Marketing guru Seth Godin thinks companies need to stop doing things that no longer work well in the Age of the Internet.
That means marketing needs to stop interrupting people with ads and cold calls. Instead, marketers should seek buyers’ permission to share useful and interesting content.
Recently, Godin put this advice into one of his short, pithy posts on changes in marketing. Here’s what he said:
- Advertising and marketing are no longer the same thing.
- The most valuable forms of marketing are consumed voluntarily.
- The network effect is the most powerful force in the world of ideas.
Though Godin is speaking of marketing in general, his insights apply especially well to solar marketing.
1. Advertising and marketing are no longer the same thing
Many solar companies seem to think that they’re up-to-date with the Internet if they translate their ads in print publications into pay-per-click ads on Google or Facebook.
Ads online are better than print ads in a couple ways. Measuring impressions and clicks lets you track the performance of the ad with your audience. And tracking a visitor who came to your website from an ad lets you see what that visitor does on your site. If he fills out your contact form, they he becomes a sales lead. Congrats!
But online ads aren’t enough. Other marketing tactics, including content marketing, are likely to get you more traffic and online leads than ads alone. To be fair, ads are quicker, yielding results in as quickly as a few days if you’re lucky. Content marketing takes longer to work, perhaps a few months to a year.
But in the longer term, content marketing builds trust with your buyer and thus builds your brand in a way that ads don’t.
2. The most valuable forms of marketing are consumed voluntarily.
Today, whether online or off, people have less patience for interruptions by marketing messages.
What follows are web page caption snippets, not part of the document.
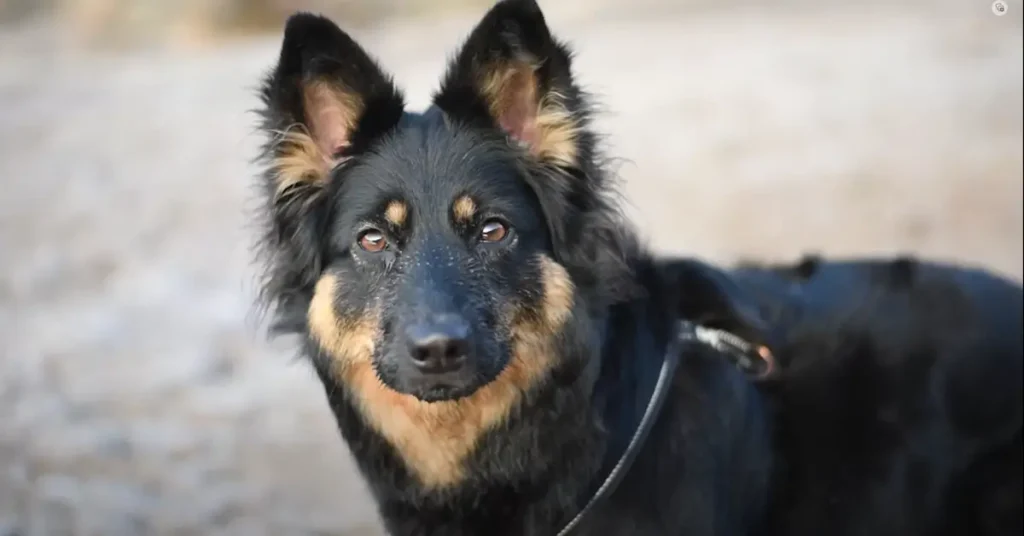 Bohemian Shepherd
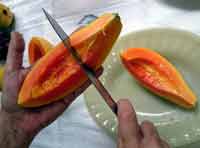 Fatias do Mamo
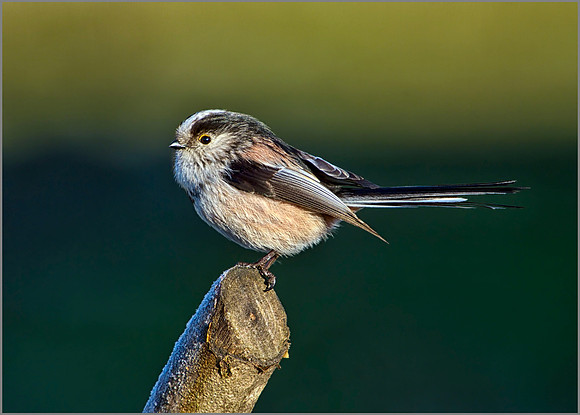 Long-tailed Tit, Bromsgrove, January 2011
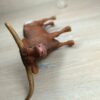 Schleich - 13866 Texas Longhorn Bulle – Bild 4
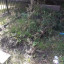 20140804-144444.jpg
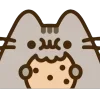🍪
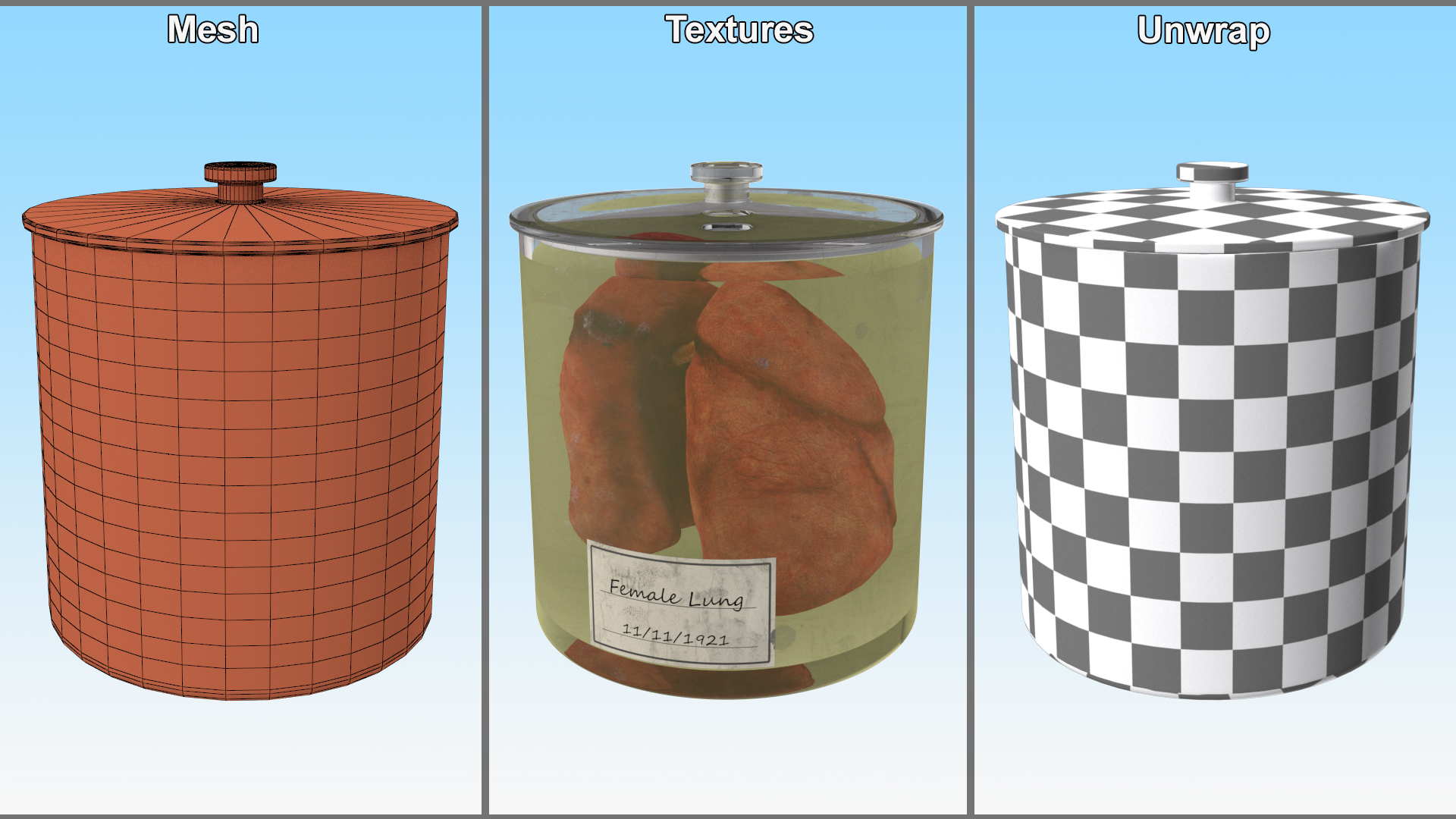 Human Lungs in Glass Jar 3D model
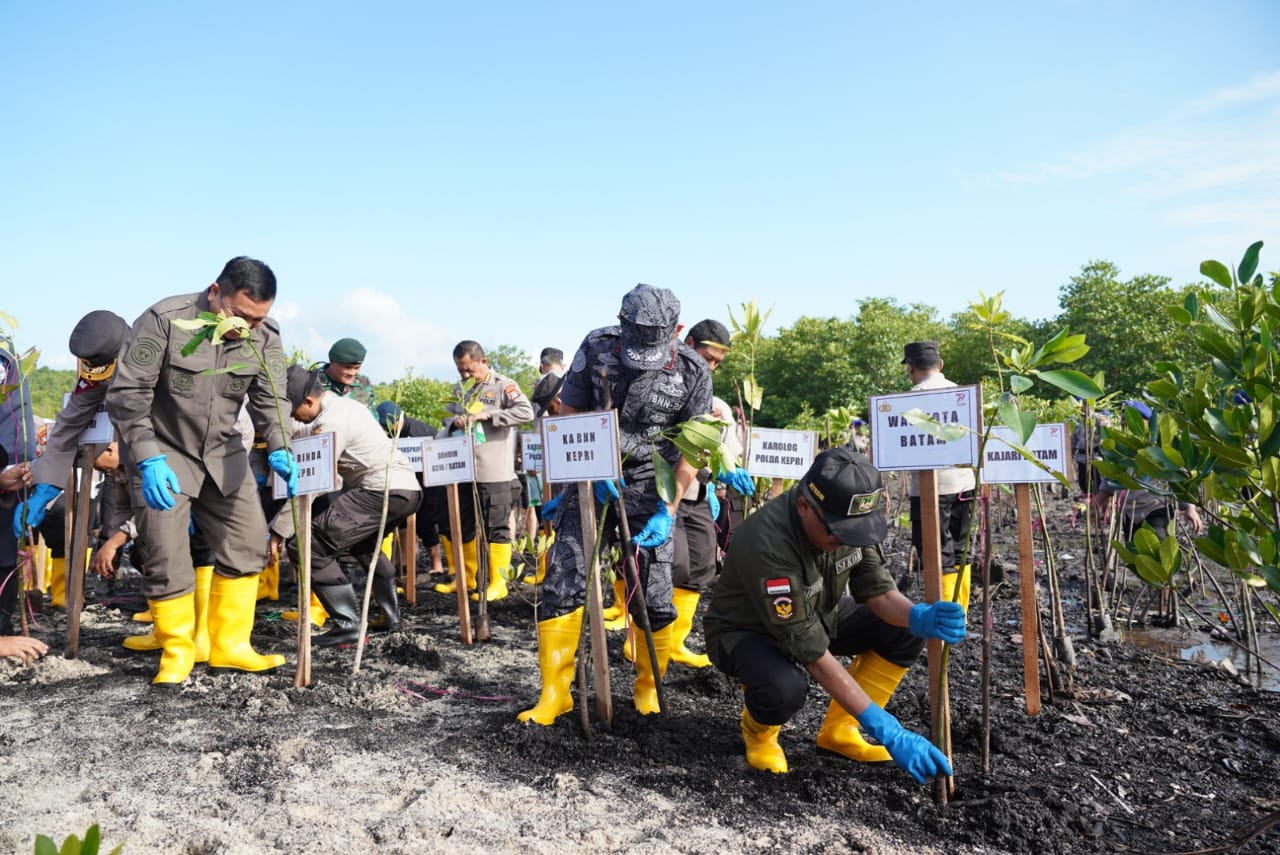 InfoPublik Peduli Kelestarian Laut Jefridin Turut Tanam Mangrove Di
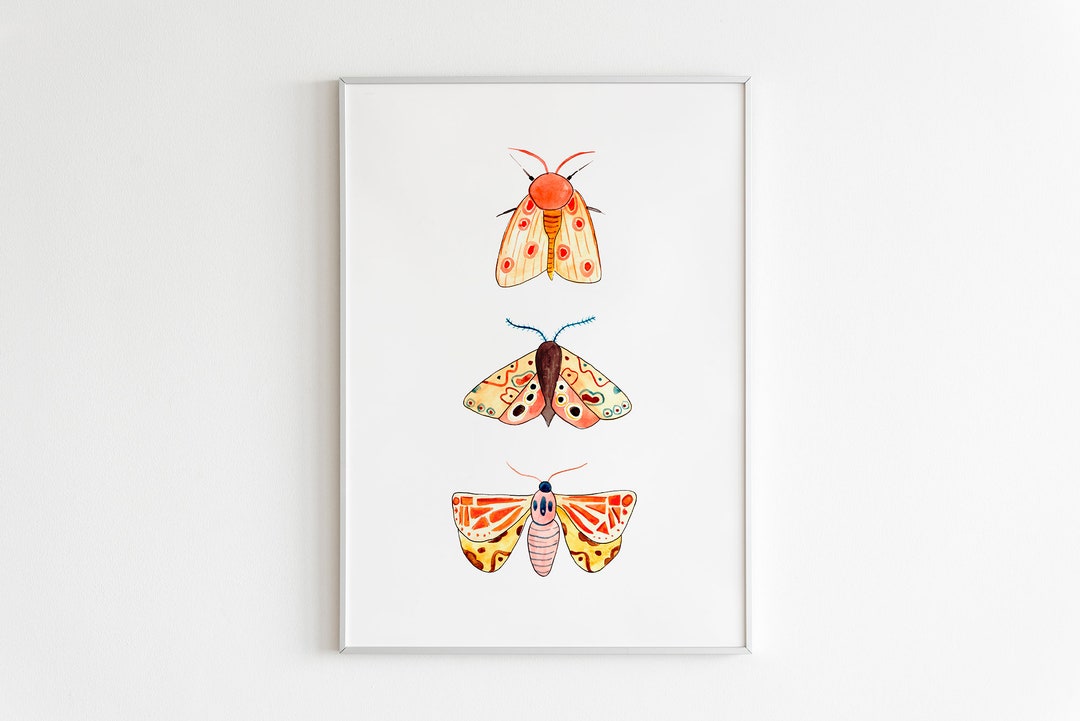 Moth Print - Insect Print - Butterfly Wall Art - Nursery Wall Art ...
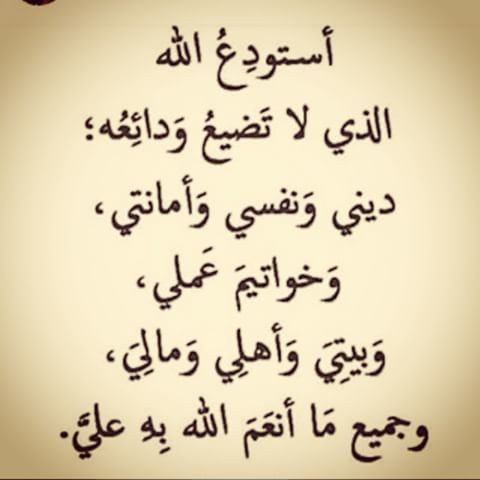 11378850_969433856442059_143529073_n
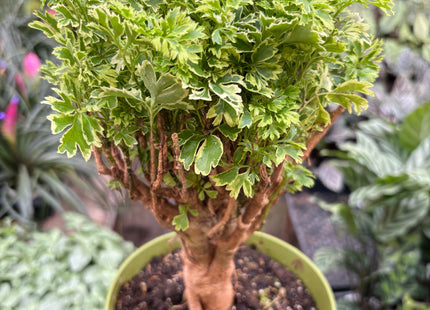 Aralia Ming Gold Mini Bonsai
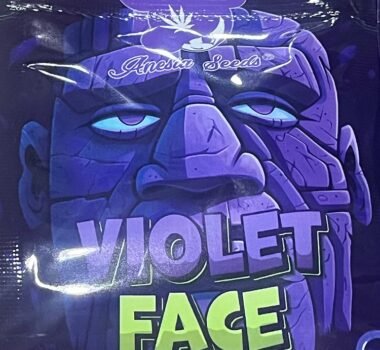 violet face strain by anesia seeds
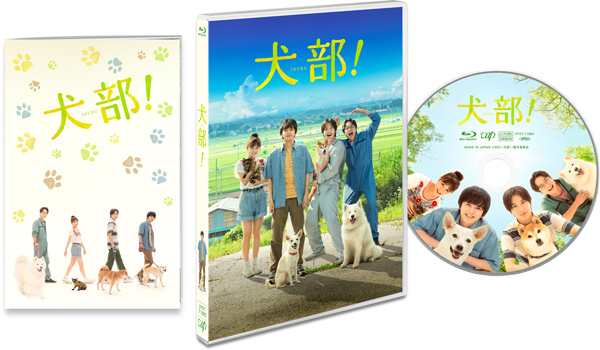 JPBA公式教材 DVD 11枚セット 動物スペシャリスト養成講座 JPBA公式教材 DVD 11枚セット 動物スペシャリスト養成講座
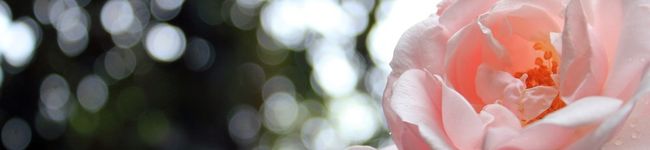 LOVE_YUE's header image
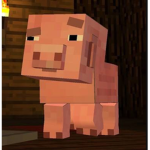 Reuben the pig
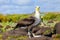 Waved albatross on Espanola Island, Galapagos National park, Ecu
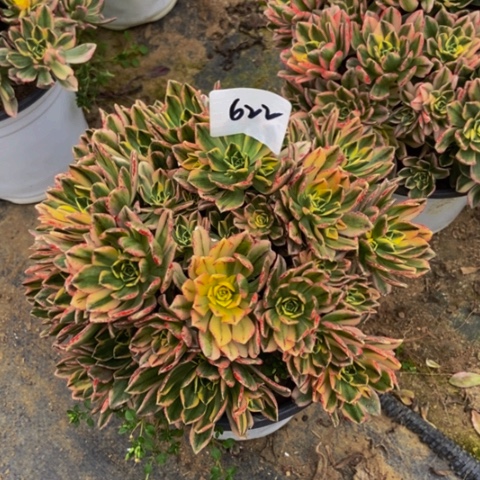 甜茶多肉植物622多肉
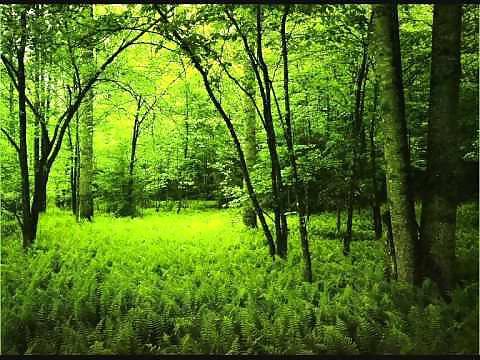 25P Nature Photos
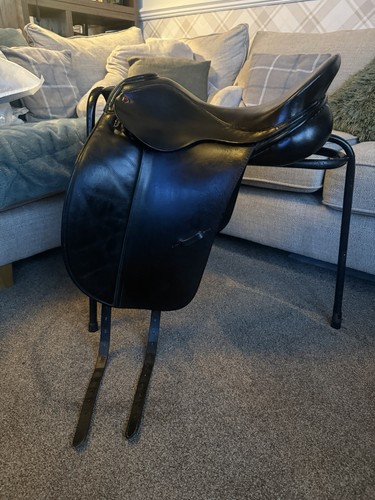 Albion slk dressage - albion,
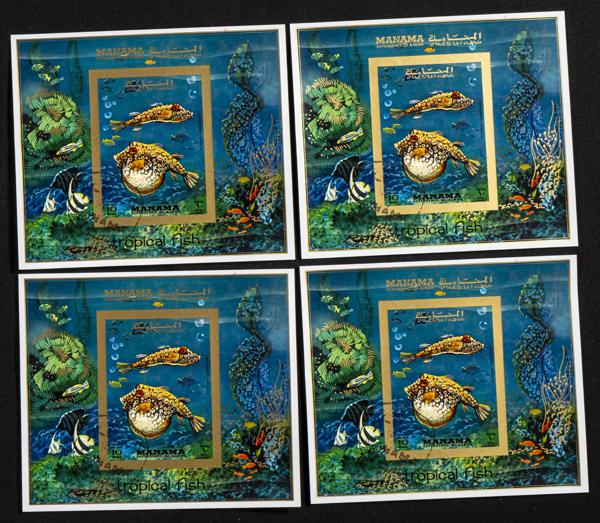 1630 | Arabia Sudeste-Manama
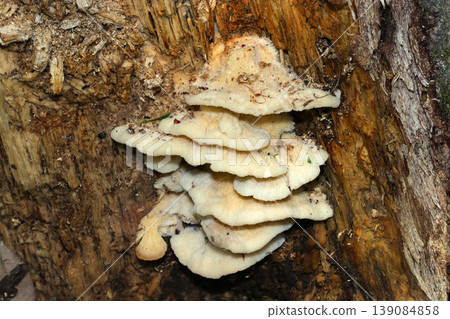 Milky white to beige-colored Helicobacter rhizomes mushrooms overlapping in multiple layers on the trunk of a standing tree (Macro photography of the ecology of wild mushrooms in Japan) Milky white to beige-colored Helicobacter rhizomes mushrooms overlapping in multiple layers on the trunk of a standing tree (Macro photography of the ecology of wild mushrooms in Japan) 139084858
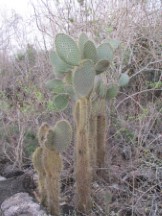 Cacti on isle Santa Cruse, Galapagos Islands, Ecuador.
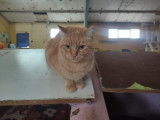 1 chat tigré roux à adopter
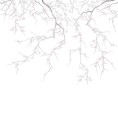 Mural kwitnąca wiśnia PaperMint SAKURA Blanc R044 Les Essentiels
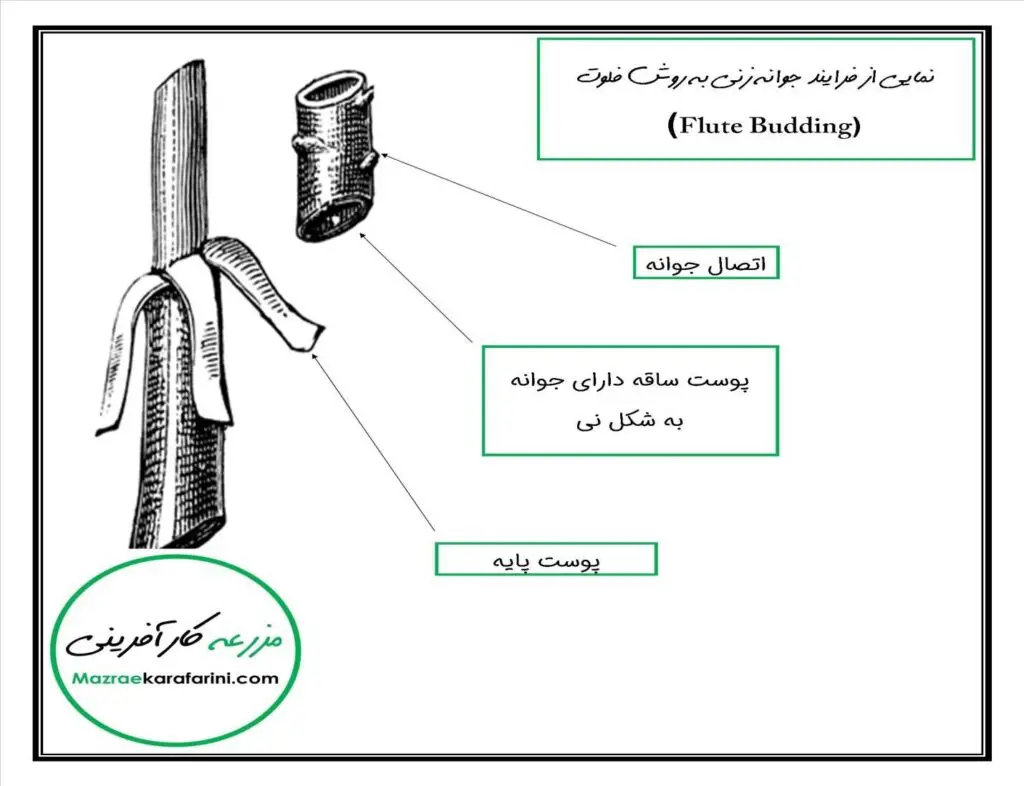 جوانه‌زنی به روش فلوت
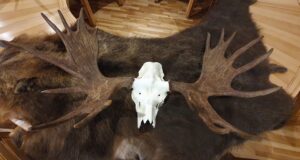 Jahitrofeede hindamine Tartus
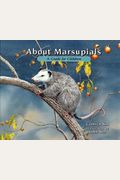 About Marsupials: A Guide For Children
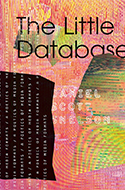 The Little Database book cover 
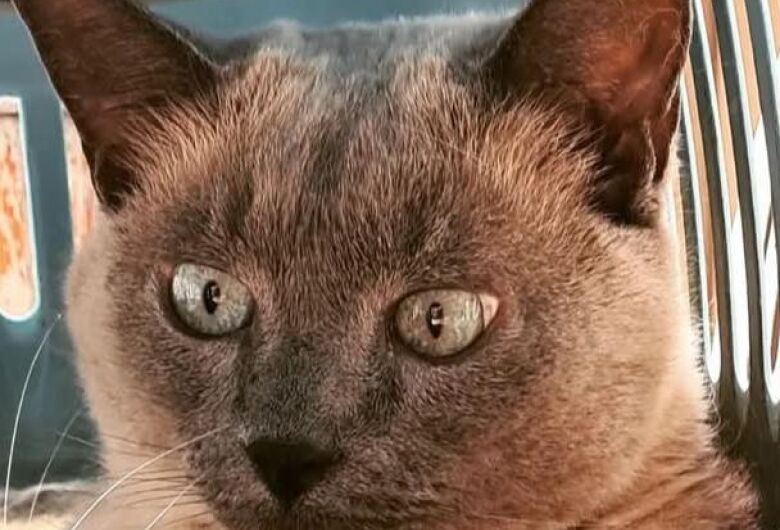 Homenagem da Funerais Pet ao gatinho Edward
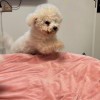 他是阳光深拥必伤_9860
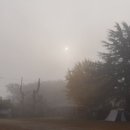 향기로운주유소 이미지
So, if you interrupt your buyer while they’re watching a web video or looking at Facebook, your chances of getting their attention are low. It may even backfire, if the interruption is intrusive enough, as in a pop-up ad (which research continues to say actually work but which people still hate).
By contrast, if you attract a solar buyer to your website and then offer her content she’ll find valuable like an e-book on the best way to get solar on her roof for no money down or a checklist on simple energy efficiency fixes to do before getting solar to maximize her energy savings, then you’ll make your buyer happy instead of annoying her. That builds trust.
If your buyer has read your e-book, who do you think she’ll remember more — your company, or your competitor who runs lots of Facebook ads?
3. The network effect is the most powerful force in the world of ideas.
On this point, Godin adds that it’s “based on the fact that culture changes everything about how we live our lives, and culture is driven by the network effect… society works because it’s something we do together.”
Studies have already shown that if your neighbor installs solar on his roof, you’re more likely to want solar too.
The network effect is just good old word-of-mouth. These days, the Internet helps it spread more quickly. That’s how solar companies with a reputation for not returning calls promptly start to get fewer calls. Word of bad service gets around quickly.
Likewise, if your company has delighted a customer with awesome service, a beautiful rooftop array that makes the neighbors drool, and energy savings on the customer’s next electric bill, then social media can help build your good reputation without much pushing from you.
Find ways to make it easy for happy customers to become your solar ambassadors, and you’ll get more solar marketing than you budgeted for.